35. The contention that the earlier order of the Forest Settlement Officer did not decide the question regarding award of compensation and, therefore, the respondents claimants are not precluded from putting forth such a claim subsequent thereto must only be noted to be rejected. The Forest Settlement Officer had specifically held that the petitioners had no title over the lands which formed part of the reserve forest. Once the respondents - claimants are held not to possess title, the question of their being entitled for payment of compensation does not arise and the subsequent order, based on the erroneous premise that they had title over the said land, placing reliance on a non-existent order, would not enure to their benefit.
36. It must be noted that the writ petitioner herein, (Divisional Forest Officer), had specifically raised the contention of res judicata and of violation of the rules of natural justice in the appeal filed before the District Court, Nalgonda in A.S. No. 6 of 1989. The Learned District Judge, while noting these contentions, did not, however, adjudicate on these issues. Since the order of the District Court, confirming the order of the Forest Settlement Officer with regards the respondents-claimants entitlement for payment of compensation, is under challenge in W.P. No. 13948 of 1995, this Court has, necessarily, to examine the validity of the contentions urged by the petitioner herein before the District Court, Nalgonda. As such the contention that it is only the quantum of compensation which would necessitate examination in these writ proceedings does not merit acceptance. The contention that the plea of res judicata should have been taken at the first instance is also without merit. Petitioners herein were neither put on notice, nor were they given an opportunity of being heard, by the Forest Settlement Officer in awarding compensation to the respondents - claimants by his order dated 23.9.1996. The petitioners could not, therefore, have raised this plea of res judicata before the Forest Settlement Officer. Viewed from any angle, the impugned order of the District Court in A.S. No. 6 of 1989 dated 27.12.1994 and the order of the Forest Settlement Officer dated 23.9.1986 must be, and are accordingly, quashed.

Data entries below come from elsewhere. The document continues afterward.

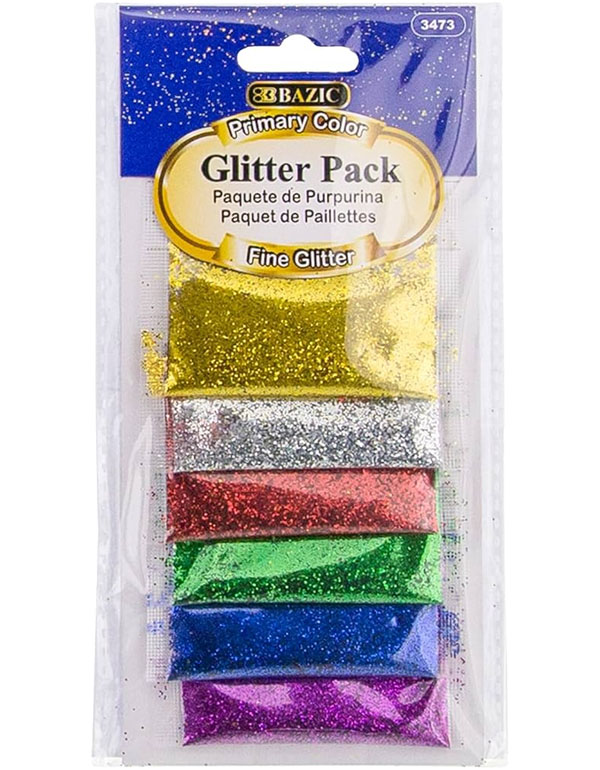 Bazic Primary Color Glitter Pack of 6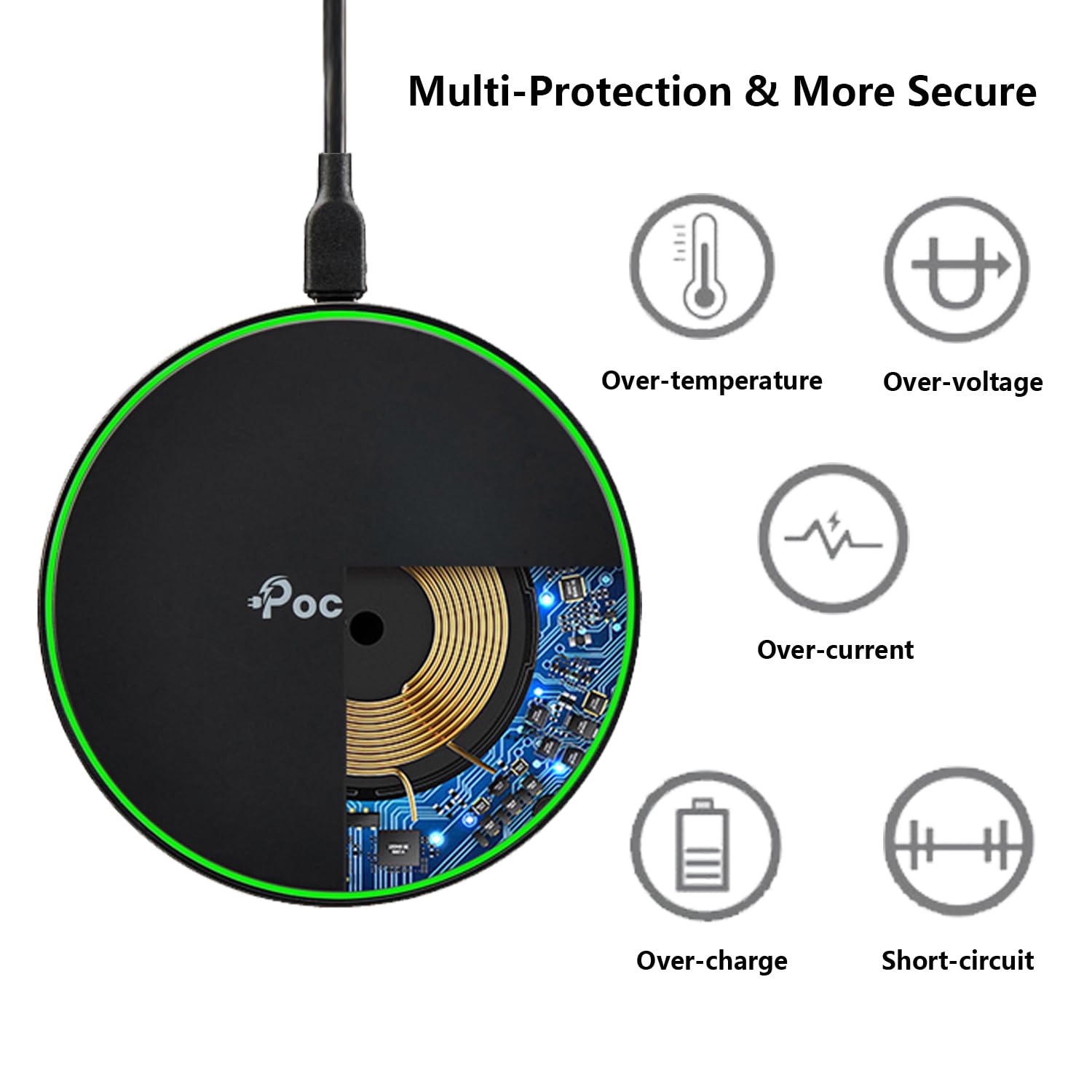 Wireless Charger for Samsung Galaxy S24 S24+ S23 S23+ S22 S22+ S21 S21+ S20 S20+, Compatible with Samsung Galaxy Note 20, Z Flip, Z Fold, 15W Fast Wireless Charging Pad 1-Pack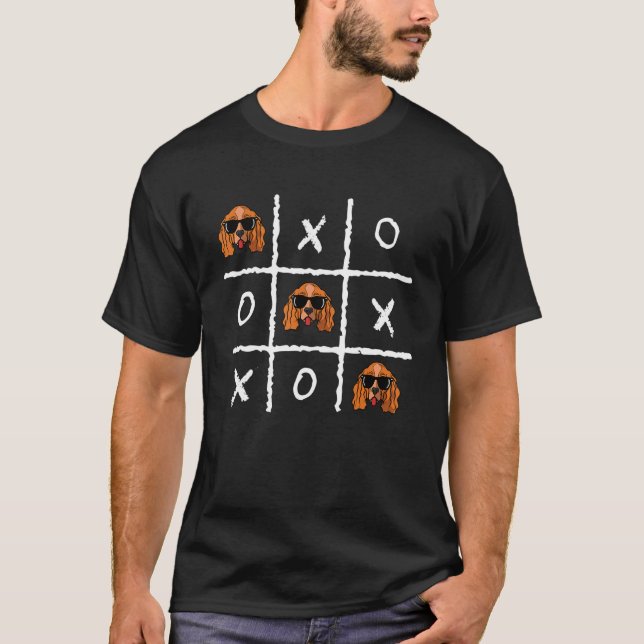 Cocker Spaniel Tic Tac Toe Tic Tac Toe Nostalgic D T-Shirt (Front)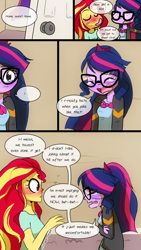 Size: 720x1280 | Tagged: safe, artist:little-tweenframes, deleted from derpibooru, imported from derpibooru, sci-twi, sunset shimmer, twilight sparkle, series:sciset diary, equestria girls, blushing, clothes, comic, crying, dialogue, door, drunk, female, glasses, lesbian, sad, scitwishimmer, shipping, sunsetsparkle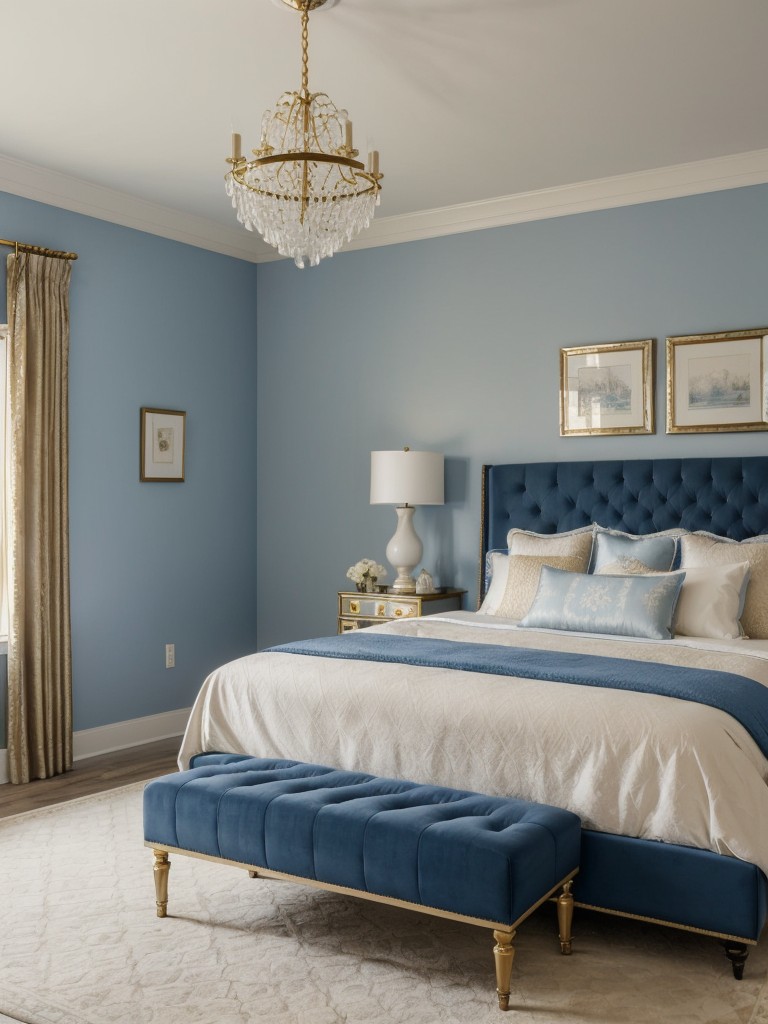 Elegant Blue Bedroom: Tufted Headboard & Gilded Accents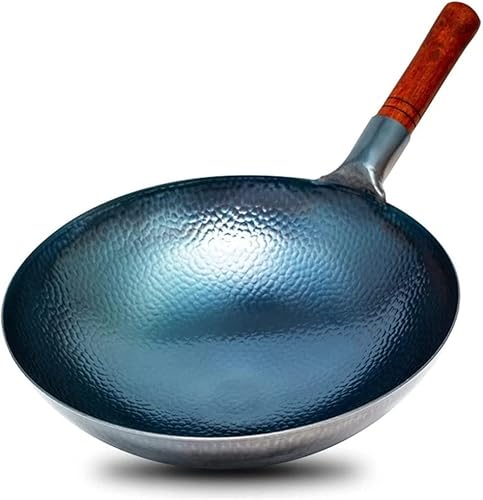 EDDGE Wok chino tradicional utensilios de cocina de hierro fundido acero al carbono parte inferior redonda mango de madera de haya antiquemaduras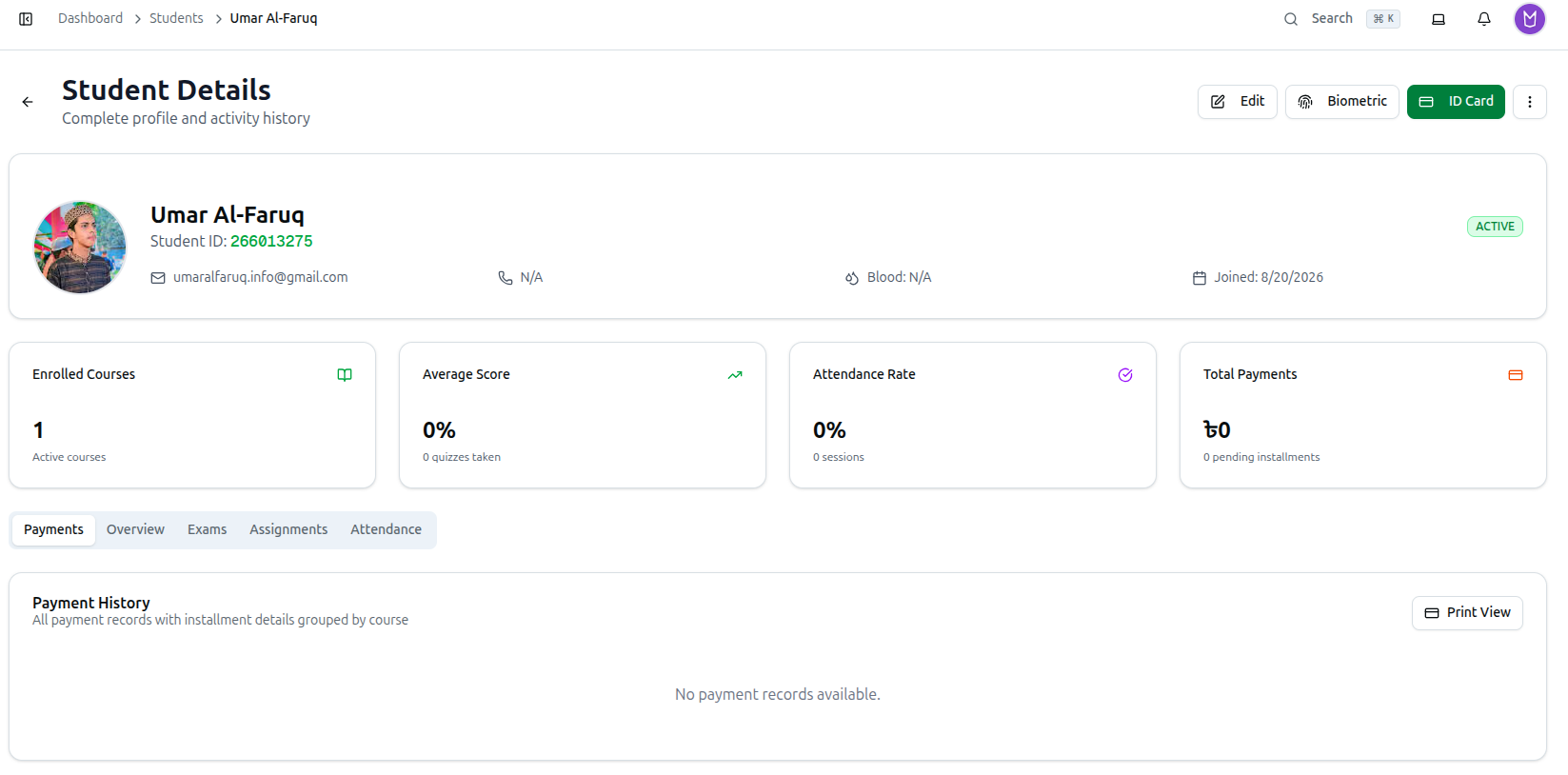 The Student Details page: header, profile card, four stat cards, and the Payments tab it opens on
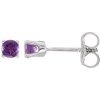 Sterling Silver Imitation Amethyst Youth Earrings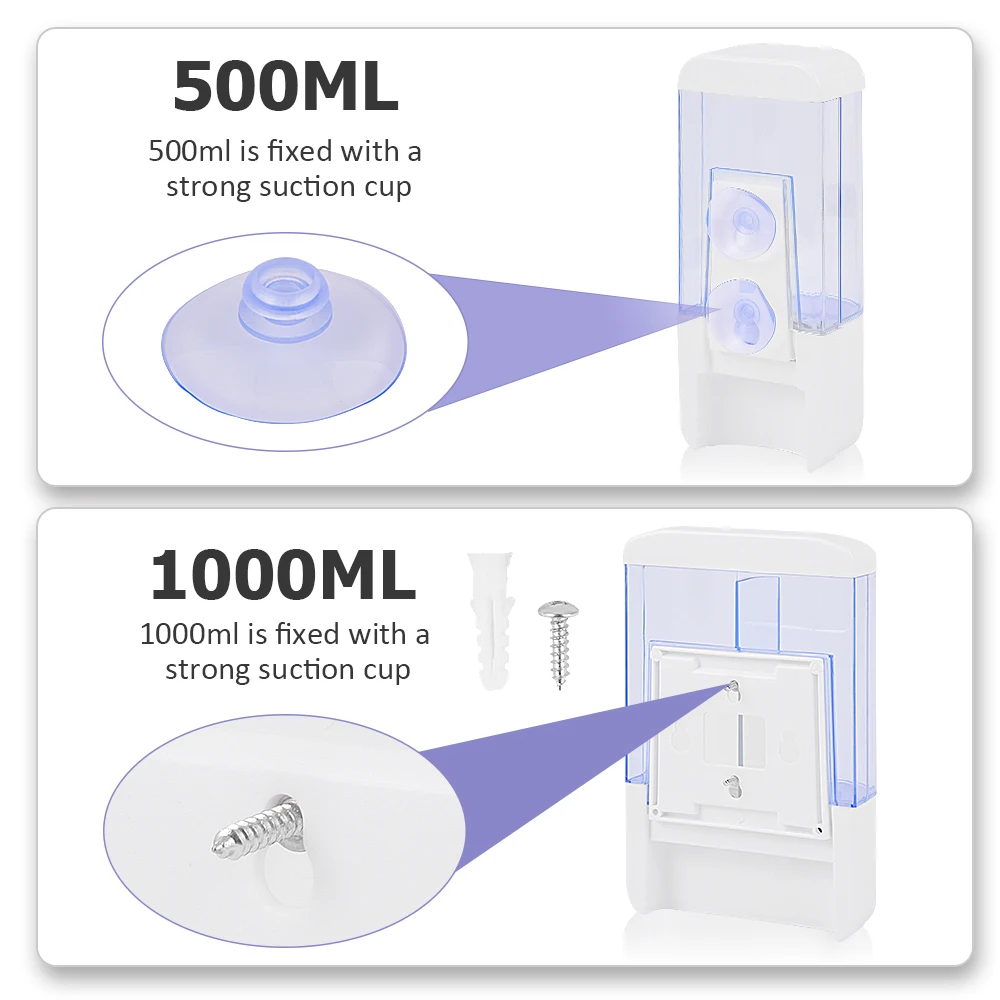 

500ml/1000ml Soap Dispenser Shower Shampoo Dispensers Containers Single/Double Head Wall Mounted Soap Dispenser Bathroom Tools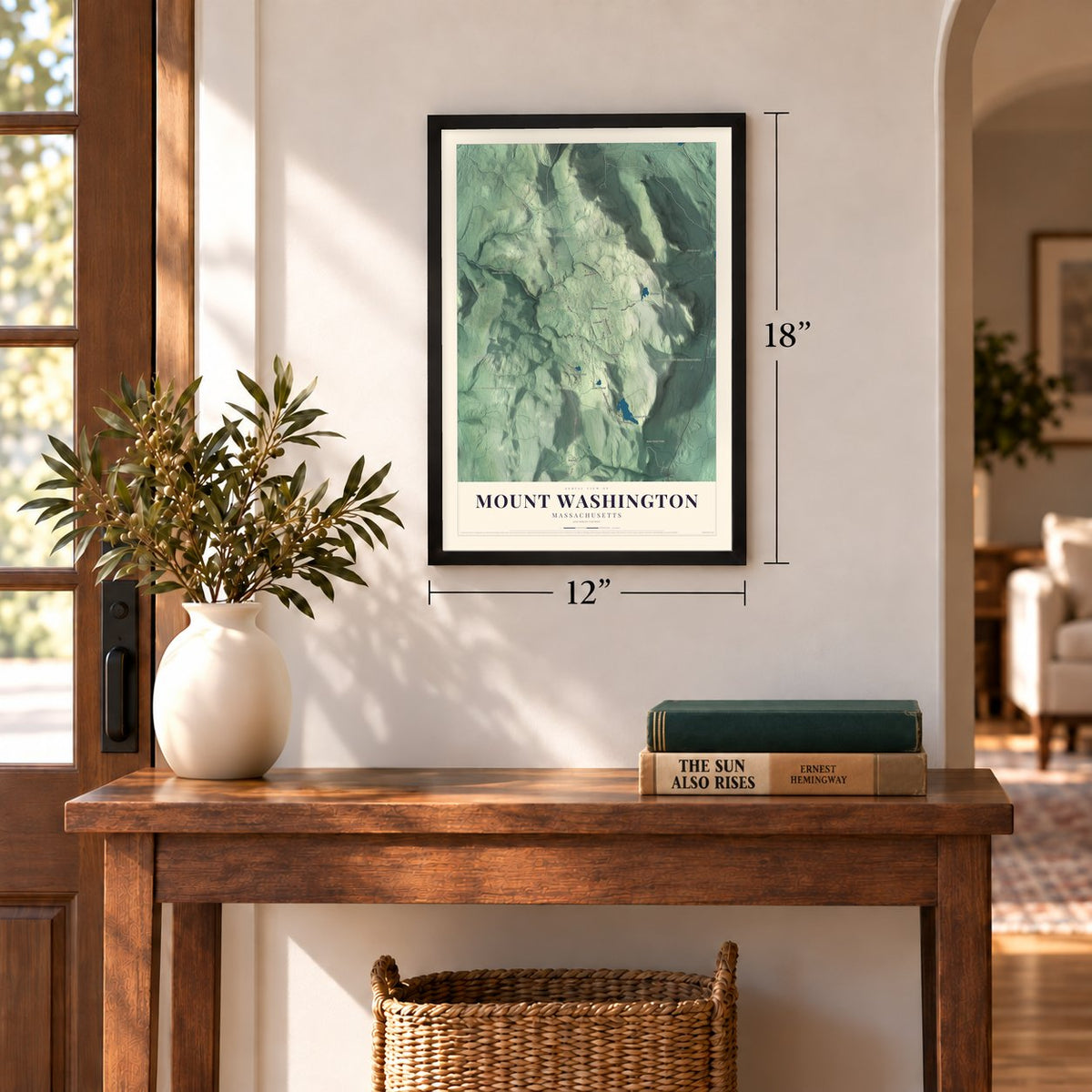 Mount Washington, Massachusetts map, 12 x 18 inch print in a black frame in an entryway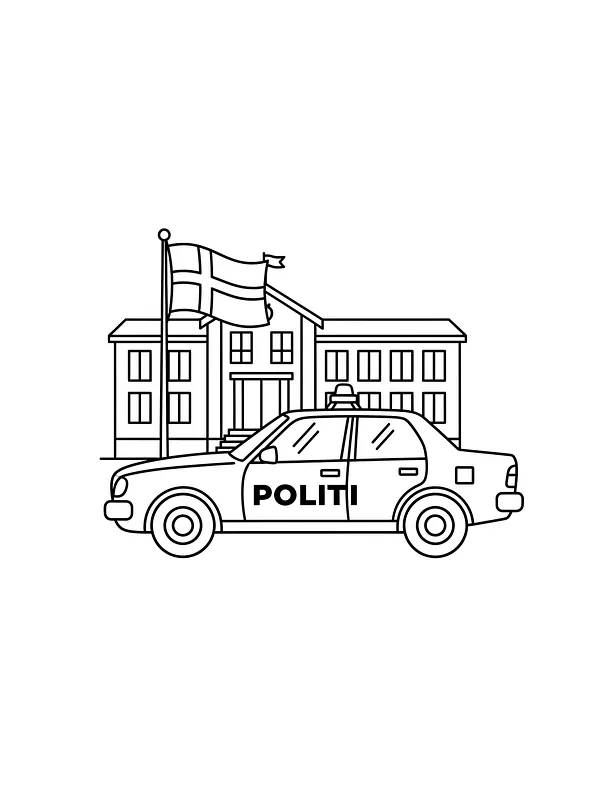 Politibil foran politistasjon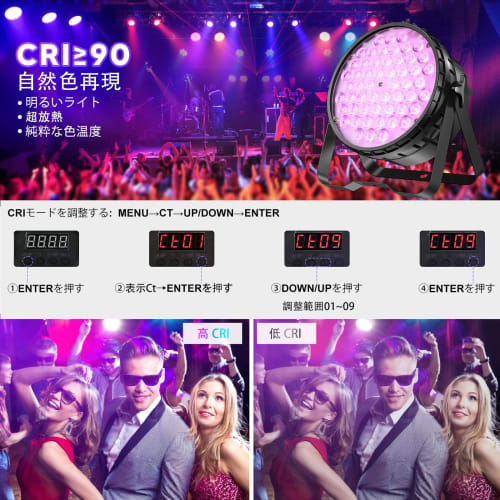 BETOPPER 54x4W 4-in-1 RGBW LED Stage Light, CRI/RA>92, High CRI, 5000 Lumens, Spotlight, Dimmable, Disco Light, Par Light, DJ Light, Party Light, Kara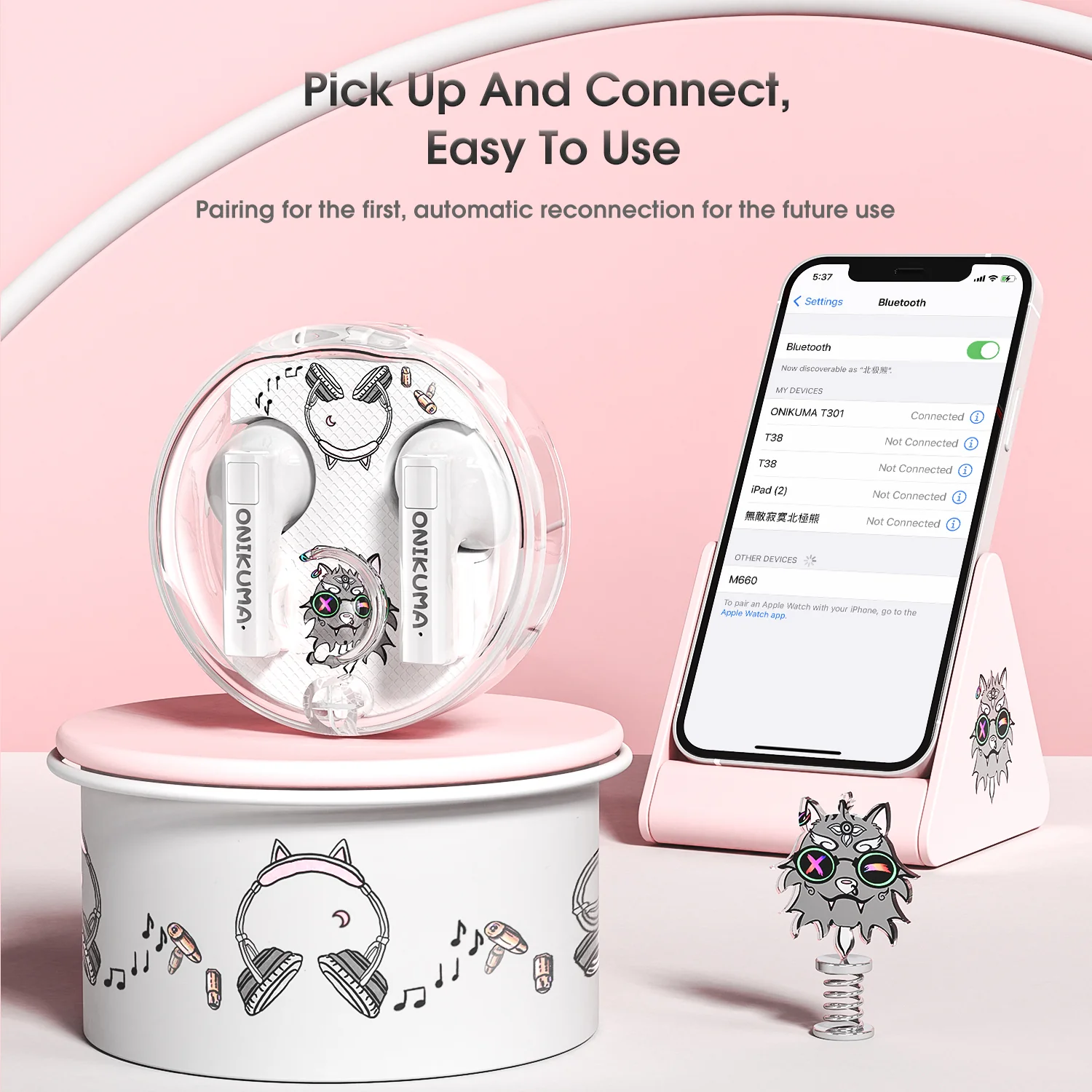 ONIKUMA T301 TWS Cartoon Earphone Touch Control Wireless Bluetooth-compatible 5.3 Headset Sports Earbuds Gaming Headset Gamer With Mic - Image 14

37. As both the orders, of the Forest Settlement Officer dated 23.9.1986 and the District Court dated 27.12.1994, are being set aside, the question of the respondents - claimants being entitled for enhancement of the compensation awarded by the District Court does not arise. Needless to state that the petitioner in W.P. No. 13948 of 1995 is entitled to take such action as is available to them in law as a consequence of the said orders now being quashed by this Court.
W.P. No. 13948 of 1995 is allowed. W.P. Nos. 25421 of 1995 and W.P. No. 25422 of 1995 are dismissed. However, in the circumstances, without costs.